In my project I would like to develop a robust tool for increasing for load balancing Tor onion service requests across multiple back-end Tor instances, thereby increasing availability and reliability.
This project's current design involves collating the set of introduction points created by one or more independent Tor onion service instances into a single 'master' descriptor. It is hoped that much of the development in this project can happen independently of little-t-tor allowing for more rapid testing and optimization of potential load balancing strategies.
Use Cases


A popular onion service with an overloaded web server or Tor process:
A service such as Facebook which gets a large number of users would like to distribute client requests across multiple servers as the load is too much for a single Tor instance to handle.

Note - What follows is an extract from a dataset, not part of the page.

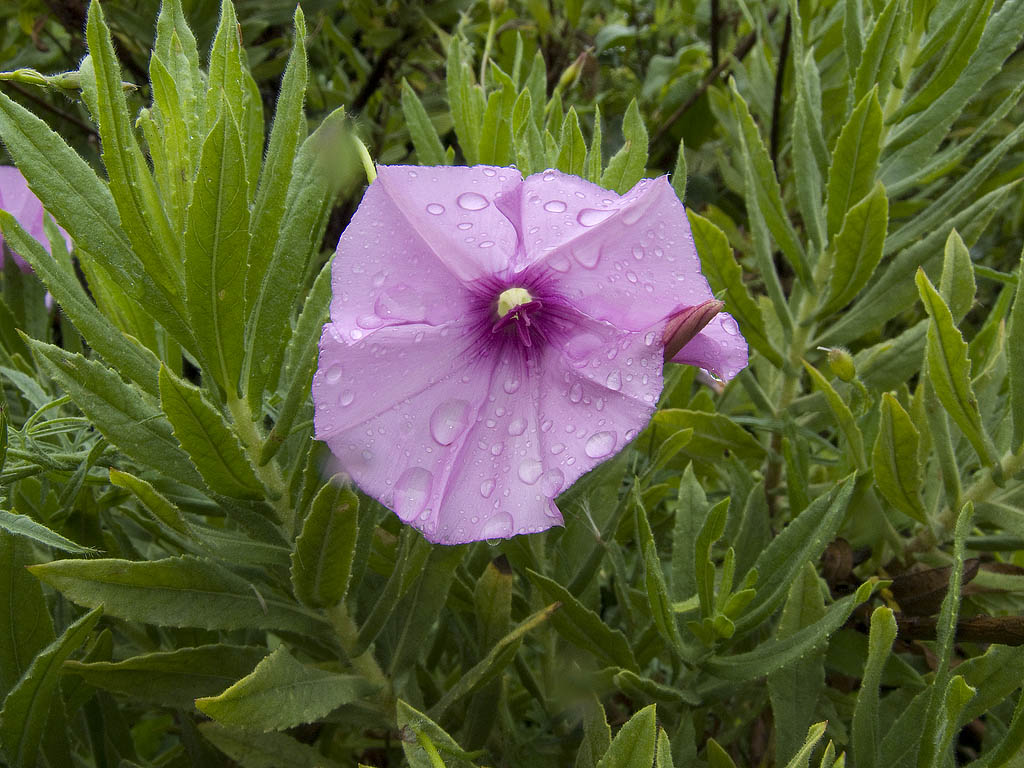 Convolvolus althaeoides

They would also like to balance between instances when the 'encrypted services' proposal is implemented [2555].


Redundancy and automatic failover:
A political activist would like to keep their web service accessible and secure in the event that the secret police seize some of their servers. Clients should ideally automatically fail-over to another online instances with minimal service disruption.


'Shared Hosting' scenarios:
A hosting provider wishes to allow their customers to access their shared hosting control panel over an encrypted onion service. Rather than creating an individual onion service (with corresponding overhead) for thousands of customers, the host could instead run one onion service. Multiple service descriptors could then be published under unique customer onion addresses which would then be routed to that users control panel. This could also enable a low-resourced OnionFlare implementation [2].


Secure Onion Service Key storage:
An onion service operator would like to compartmentalize their permanent onion key in a secure location separate to their Tor process and other services. With this proposal permanent keys could be stored on an independent, isolated system.


Proposal

The current proposed solution involves an operator running a standard onion service for each of their instances. Each onion service instances would be running with a unique onion service key. These services should use "stealth" authorization to obscure the list of introduction points in their service descriptor.
A standalone management service would then periodically fetch service descriptors from the HSDir system for each of it's configured onion service instances. The descriptors would be parsed by the management service to extract the current set of introduction points for all online service instances.
The management service would select a set of the valid introduction points and combine them within a new 'master' service descriptor. This master descriptor would be signed by the actual onion service permanent key and published to the HSDir system as normal.
Clients who wish to access the onion service would then retrieve the 'master' service descriptor and begin connect to introduction points at random from the introduction point list. After successful introduction the client will have created an onion service circuit to one of the available onion services instances and can then begin communicating as normally along that circuit.
This design has an number of advantages:

It can be deployed with minimal modifications to the little-t-tor code base.
The onion service key can be protected by only needing to be stored in one location.
Instances can be added or removed in a single location.
The management service would be resistant the currently known denial-of-service or discovery attacks as it would not necessarily need to run any listening onion services itself.

Core Project Goals


Engage with the operators of popular or resource intensive onion services to understand their use cases and the scaling problems that they currently experience in production.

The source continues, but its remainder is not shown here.